* DATASET SECTION:
+ + +
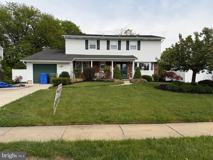 321 Surrey Rd - Photo 1 of 1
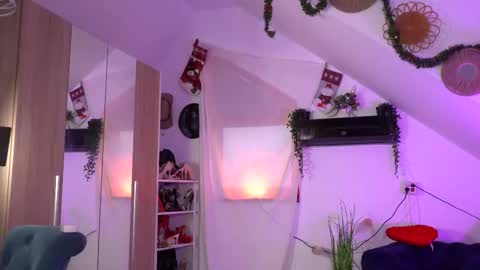 Amalia online show from December 18, 6:52 am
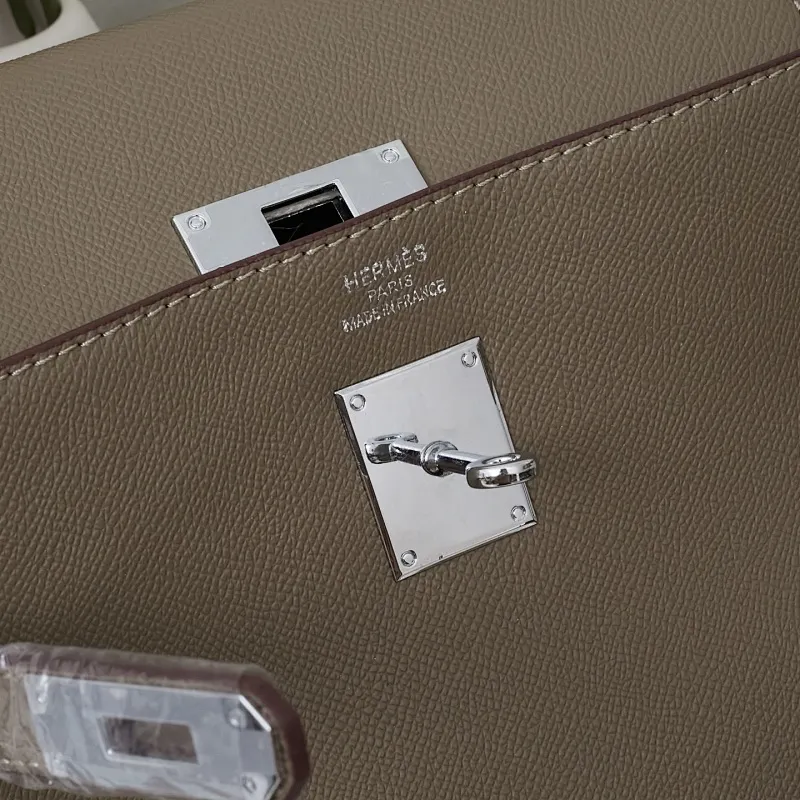 All categories Hermès women's bags (Hermès) Hermès 2528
+ + +
* INSTRUCTIONS TO FOLLOW:
With the pictures removed, write the listing out word for word.

* RESPONSE TO THE TASK:
 321 Surrey Rd - Photo 1 of 1
 Amalia online show from December 18, 6:52 am
 All categories Hermès women's bags (Hermès) Hermès 2528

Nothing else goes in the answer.